Records drawn from a dataset:
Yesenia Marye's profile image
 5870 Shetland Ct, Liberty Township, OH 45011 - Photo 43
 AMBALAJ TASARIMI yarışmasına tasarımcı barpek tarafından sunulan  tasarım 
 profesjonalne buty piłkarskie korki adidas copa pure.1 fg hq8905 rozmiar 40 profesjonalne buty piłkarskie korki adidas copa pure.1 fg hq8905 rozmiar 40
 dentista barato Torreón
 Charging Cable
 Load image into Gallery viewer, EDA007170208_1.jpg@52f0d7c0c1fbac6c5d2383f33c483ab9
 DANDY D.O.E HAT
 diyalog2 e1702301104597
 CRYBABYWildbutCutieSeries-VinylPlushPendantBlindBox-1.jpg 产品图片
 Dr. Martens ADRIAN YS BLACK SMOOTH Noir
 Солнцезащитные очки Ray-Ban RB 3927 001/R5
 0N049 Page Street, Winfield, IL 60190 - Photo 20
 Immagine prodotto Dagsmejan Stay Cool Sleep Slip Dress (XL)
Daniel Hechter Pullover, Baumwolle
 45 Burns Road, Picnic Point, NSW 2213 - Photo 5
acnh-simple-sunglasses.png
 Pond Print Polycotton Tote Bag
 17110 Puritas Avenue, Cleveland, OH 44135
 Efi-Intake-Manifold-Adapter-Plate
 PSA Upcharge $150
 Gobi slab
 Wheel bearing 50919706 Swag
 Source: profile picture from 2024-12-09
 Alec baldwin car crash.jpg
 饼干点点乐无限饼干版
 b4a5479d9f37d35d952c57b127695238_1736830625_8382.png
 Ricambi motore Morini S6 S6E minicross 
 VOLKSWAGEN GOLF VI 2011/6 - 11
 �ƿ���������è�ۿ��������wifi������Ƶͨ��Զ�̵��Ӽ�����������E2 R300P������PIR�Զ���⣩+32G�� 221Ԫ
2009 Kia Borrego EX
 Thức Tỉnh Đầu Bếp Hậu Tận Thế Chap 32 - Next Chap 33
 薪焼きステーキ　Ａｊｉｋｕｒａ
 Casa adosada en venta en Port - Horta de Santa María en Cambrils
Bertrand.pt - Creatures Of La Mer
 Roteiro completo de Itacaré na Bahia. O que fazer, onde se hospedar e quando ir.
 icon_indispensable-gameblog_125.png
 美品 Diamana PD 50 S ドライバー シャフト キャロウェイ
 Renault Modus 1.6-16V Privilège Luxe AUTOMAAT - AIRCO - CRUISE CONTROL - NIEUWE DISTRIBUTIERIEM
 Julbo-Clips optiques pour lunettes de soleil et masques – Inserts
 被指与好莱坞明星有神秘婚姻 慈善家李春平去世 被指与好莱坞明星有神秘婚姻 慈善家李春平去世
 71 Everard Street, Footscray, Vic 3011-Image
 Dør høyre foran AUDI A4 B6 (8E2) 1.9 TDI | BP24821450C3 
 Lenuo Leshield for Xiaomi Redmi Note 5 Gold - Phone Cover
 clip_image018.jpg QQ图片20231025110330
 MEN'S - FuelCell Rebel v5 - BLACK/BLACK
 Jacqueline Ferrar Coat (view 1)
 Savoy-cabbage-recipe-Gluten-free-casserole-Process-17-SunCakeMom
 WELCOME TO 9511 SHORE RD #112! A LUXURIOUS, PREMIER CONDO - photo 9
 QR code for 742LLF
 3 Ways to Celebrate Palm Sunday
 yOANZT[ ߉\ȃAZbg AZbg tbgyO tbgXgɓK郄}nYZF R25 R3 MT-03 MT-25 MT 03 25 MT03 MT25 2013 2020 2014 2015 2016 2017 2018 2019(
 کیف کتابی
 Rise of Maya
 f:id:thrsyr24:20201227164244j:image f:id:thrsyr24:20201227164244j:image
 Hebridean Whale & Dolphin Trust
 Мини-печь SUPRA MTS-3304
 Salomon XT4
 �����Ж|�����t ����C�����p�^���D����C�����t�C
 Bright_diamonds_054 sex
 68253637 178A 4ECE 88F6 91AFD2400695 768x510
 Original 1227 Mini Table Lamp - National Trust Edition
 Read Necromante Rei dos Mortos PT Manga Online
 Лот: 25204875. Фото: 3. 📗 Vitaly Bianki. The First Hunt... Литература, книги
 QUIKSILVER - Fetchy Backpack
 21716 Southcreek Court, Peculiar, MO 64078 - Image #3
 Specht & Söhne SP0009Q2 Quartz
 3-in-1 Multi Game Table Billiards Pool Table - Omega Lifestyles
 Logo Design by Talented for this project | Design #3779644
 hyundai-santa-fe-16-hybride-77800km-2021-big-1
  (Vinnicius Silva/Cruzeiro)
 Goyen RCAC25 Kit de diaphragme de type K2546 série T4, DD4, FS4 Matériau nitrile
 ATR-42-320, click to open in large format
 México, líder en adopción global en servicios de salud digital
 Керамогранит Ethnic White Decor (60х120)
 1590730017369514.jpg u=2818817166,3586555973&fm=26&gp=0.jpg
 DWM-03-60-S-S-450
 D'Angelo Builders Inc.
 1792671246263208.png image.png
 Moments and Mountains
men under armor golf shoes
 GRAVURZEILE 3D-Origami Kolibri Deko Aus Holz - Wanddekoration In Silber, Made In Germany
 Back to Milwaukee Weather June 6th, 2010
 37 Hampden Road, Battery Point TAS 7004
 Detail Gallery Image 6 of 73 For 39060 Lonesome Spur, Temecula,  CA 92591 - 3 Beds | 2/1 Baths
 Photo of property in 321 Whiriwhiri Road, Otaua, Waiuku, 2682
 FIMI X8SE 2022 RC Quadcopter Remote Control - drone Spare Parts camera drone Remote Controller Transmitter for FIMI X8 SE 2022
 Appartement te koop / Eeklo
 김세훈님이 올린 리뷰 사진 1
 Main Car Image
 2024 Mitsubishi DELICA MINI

◆ What you have to do ◆
Out of the data above, transcribe exactly and only the lines starting with the line that has "VOLKSWAGEN GOLF VI 2011/6 - 11" and going on through the line that has "Bertrand.pt - Creatures Of La Mer", both included.

◆ Task answer ◆
 VOLKSWAGEN GOLF VI 2011/6 - 11
 �ƿ���������è�ۿ��������wifi������Ƶͨ��Զ�̵��Ӽ�����������E2 R300P������PIR�Զ���⣩+32G�� 221Ԫ
2009 Kia Borrego EX
 Thức Tỉnh Đầu Bếp Hậu Tận Thế Chap 32 - Next Chap 33
 薪焼きステーキ　Ａｊｉｋｕｒａ
 Casa adosada en venta en Port - Horta de Santa María en Cambrils
Bertrand.pt - Creatures Of La Mer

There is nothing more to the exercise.